Taking this into account produced some effects which I hadn’t anticipated.
The angle α between the sighting angle and bore angle changes the results.
When shooting uphill the angle between the bore and horizontal is increased by α. When shooting downhill the angle between the bore and horizontal is reduced by α.
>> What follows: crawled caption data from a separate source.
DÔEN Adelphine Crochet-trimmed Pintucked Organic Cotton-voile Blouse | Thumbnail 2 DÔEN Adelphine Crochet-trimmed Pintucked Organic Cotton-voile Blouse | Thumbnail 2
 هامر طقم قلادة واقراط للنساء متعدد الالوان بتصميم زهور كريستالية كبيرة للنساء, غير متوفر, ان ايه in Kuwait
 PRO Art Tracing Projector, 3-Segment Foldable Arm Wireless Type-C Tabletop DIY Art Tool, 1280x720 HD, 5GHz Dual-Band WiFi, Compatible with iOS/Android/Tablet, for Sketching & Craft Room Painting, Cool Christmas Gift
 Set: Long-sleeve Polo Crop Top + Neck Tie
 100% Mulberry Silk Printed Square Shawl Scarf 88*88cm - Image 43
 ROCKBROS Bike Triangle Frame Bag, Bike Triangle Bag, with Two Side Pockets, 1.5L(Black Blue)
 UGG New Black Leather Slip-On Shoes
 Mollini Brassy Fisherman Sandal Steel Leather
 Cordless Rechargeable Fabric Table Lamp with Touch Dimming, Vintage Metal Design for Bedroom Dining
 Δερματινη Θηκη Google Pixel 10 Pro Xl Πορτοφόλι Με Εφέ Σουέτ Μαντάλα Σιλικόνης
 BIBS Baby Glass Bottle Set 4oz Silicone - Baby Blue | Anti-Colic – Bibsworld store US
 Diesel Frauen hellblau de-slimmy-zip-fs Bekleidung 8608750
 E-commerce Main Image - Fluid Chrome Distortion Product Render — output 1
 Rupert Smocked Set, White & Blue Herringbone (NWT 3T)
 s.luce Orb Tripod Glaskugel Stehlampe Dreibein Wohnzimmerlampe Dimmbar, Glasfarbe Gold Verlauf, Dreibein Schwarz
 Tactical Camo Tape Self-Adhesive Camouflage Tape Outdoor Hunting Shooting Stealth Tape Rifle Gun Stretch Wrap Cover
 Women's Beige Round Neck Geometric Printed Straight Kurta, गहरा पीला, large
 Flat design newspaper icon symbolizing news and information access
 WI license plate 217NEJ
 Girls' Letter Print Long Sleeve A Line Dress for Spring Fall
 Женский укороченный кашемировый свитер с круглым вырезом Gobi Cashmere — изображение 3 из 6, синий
This results in lower values of Vox when shooting uphill vs. shooting downhill relative to the sighting angle. The net effect is that taking into account this differential between the sighting angle and bore angle shooting uphill will result in the bullet striking lower than the target and shooting downhill the bullet striking higher than the target when the horizontal shot is zeroed on the target.
With all this said the effect is minimal at normal angles of shot and zeroing ranges. The effect only become significant at extreme angles of shot and long zeroing ranges. Following are some calculations sighting at the horizontal, +60 degrees, and -60 degrees with the target at 100 M and the rifle zeroed at 100M. Vo is 800 M/S.
X 100 M
θ 0.043867086 Degrees
Vo 800 M/S
Yo (Rifle Height) 1.5 M
Vox 799.9997655 M/S
Voy 0.6125 M/S
t 0.125000037 S
Y -2.24398E-08 M
Yo plus Y 1.499999978 M
Target Height 1.5 M
Impact relative to target -2.24398E-08 M -8.83456E-07 Inch
R (Range) 99.99997069 M
α (Zero Angle Correction) 0.043867086 Degrees
Sighting Angle 0 Degrees
X 100 M
θ 60.04386709 Degrees
Vo 800 M/S
Yo (Rifle Height) 1.5 M
Vox 399.4694546 M/S
Voy 693.1263628 M/S
t 0.250332031 S
Y 173.2046663 M
Yo plus Y 174.7046663 M
Target Height 174.7050736 M
Impact relative to target -0.000407288 M -0.016034961 Inch
R (Range) 56506.69594 M
α (Zero Angle Correction) 0.043867086 Degrees
Sighting Angle 60 Degrees
X 100 M
θ -59.95613291 Degrees
Vo 800 M/S
Yo (Rifle Height) 1.5 M
Vox 400.5303357 M/S
Voy -692.5138628 M/S
t 0.249668979 S
Y -173.2046687 M
Yo plus Y -171.7046687 M
Target Height -171.7050736 M
Impact relative to target 0.000404954 M 0.015943081
R (Range) -56606.69591 M
α (Zero Angle Correction) 0.043867086 Degrees
Sighting Angle -60 Degrees
This is my analysis of the situation. I would welcome any comments or certainly any corrections to my methodology.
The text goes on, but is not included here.